Small business owners who don’t follow politics very closely and don’t have decent financial advisers who are knowledgeable about Obamacare’s many regulations could be hit with huge fines in a few months. Beginning October 1st, any business with revenue over $500,000 per year and one employee or more will be required to inform new hires in writing about Obamacare exchanges or face penalties of $100 per day.
Beginning Oct. 1, any business with at least one employee and $500,000 in annual revenue must notify all employees by letter about the Affordable Care Act’s health-care exchanges, or face up to a $100-per-day fine. The requirement applies to any business regulated under the Fair Labor Standards Act, regardless of size. Going forward, letters are to be distributed to any new hires within 14 days of their starting date, according to the Department of Labor.
Earlier this summer, the employer mandate, which states that every business with at least 50 or more full-time employees must offer workers acceptable coverage or face a $2,000 penalty per-worker, per-year, was pushed back until 2015. But the Oct. 1 employee-notification deadline stands. Keith McMurdy, partner at FOX Rothschild LLP, says the $100 per-day fine has been “unfortunately overlooked” by many small businesses, and the dollar amount on the penalty comes from the general per-day penalty under the ACA.

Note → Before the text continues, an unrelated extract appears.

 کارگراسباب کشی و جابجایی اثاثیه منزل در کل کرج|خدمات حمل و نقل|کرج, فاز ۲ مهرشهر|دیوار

“The PPACA has a general $100-a-day penalty for non-compliance. Since this requirement is in the FLSA there are also penalties there. So the general consensus is that some penalty applies and probably the general provision,” McMurdy tells FOXBusiness.com.
Joeseph Dutra, president and CEO of Kimmie Candy Co., has 30 employees and brings in more than $500,000 in revenue annually, which means he has to notify workers of the exchanges by Oct. 1. He had no idea. (Read More)
How many other business owners don’t know about this? I only heard about it this morning in the car on my way to work, and I follow these things pretty closely.